European Members of Parliament vote against re opening the case on controversial proposed pan-European online transmissions
Details of the vote, and views on where the issue goes from here, largely remain to be seen. The vote tally was 344-265 to reject most of the EC’s proposals.
In one early reaction, Italian motion picture association ANICA, which had been lobbying intensely against the proposal, issued a statement after the vote saying that it proves “that the majority [of the European Parliament] wants a Europe made up of major players in the audiovisual sector; a strong and competitive creative content industry; and a digital market that is dynamic and not made up of passive consumers.”

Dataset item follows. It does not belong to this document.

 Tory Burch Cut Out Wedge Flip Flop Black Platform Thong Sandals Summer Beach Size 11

Other industry orgs are likely to hail the vote as a victory for quality, cultural diversity and commercial freedom.
The result appears to be a major setback in the push by the European Commission, the executive arm of the E.U., for a single digital market across the union’s 28 member states. When the Commission first announced its plans for a Digital Single Market in 2015, industry orgs had anticipated that the European Parliament might support the Commission’s vision of ready online access across the E.U. for films and TV, unhindered by geo-blocking.

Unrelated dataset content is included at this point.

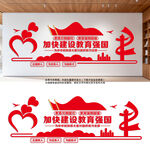 教育强国文化墙学校党建文化墙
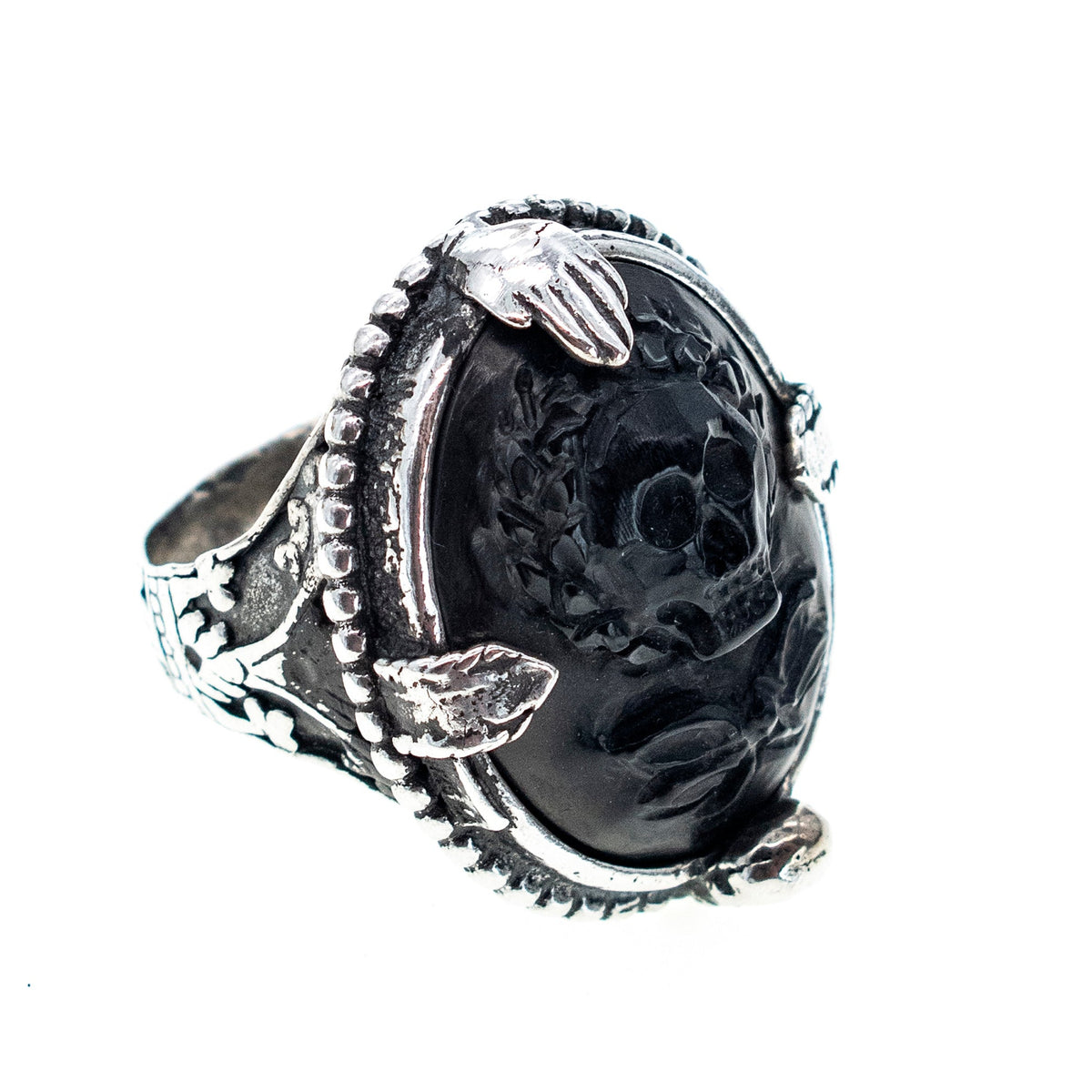 Black Cameo Ring – Sterling Silver – Gem Kingdom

Now that the decision of the European Parliament is known, the next key milestone in the legislative process is Dec. 15’s meeting of the E.U.’s Council of Ministers – a forum of member states’ senior officials – whose deputy-ambassadors gather on Friday to discuss the issue. It is not foreseen that they will take a definitive decision.
Andrus Ansip (pictured), vice-president of the European Commission and major architect of the Commission’s Digital Single Market plans, has already tweeted that he will fight on and “strongly defend” Sat Cab at the E.U.’s Council of Ministers.
The Intl. Federation of Film Producers Assns. (FIAPF), as well as European trade bodies and big producers and distributors, including Working Title, published an open letter to the Council on Tuesday, before the Parliament vote, detailing the “devasting” impact on the industry and consumers if the Council takes the Commission’s line.
The Council is likely to take seriously the position of the European Parliament. Several key E.U. states – France, Spain, Italy – have already expressed definitive opposition to Sat Cab. Germany, critically, has yet to express its position on the issue, although key German institutions and stakeholders expressed large misgivings in the past – the upper house of Germany’s parliament, the Bundesrat, for example, questioned late last year whether Sat Cab proposals considered sufficiently rights’ holders’ interests.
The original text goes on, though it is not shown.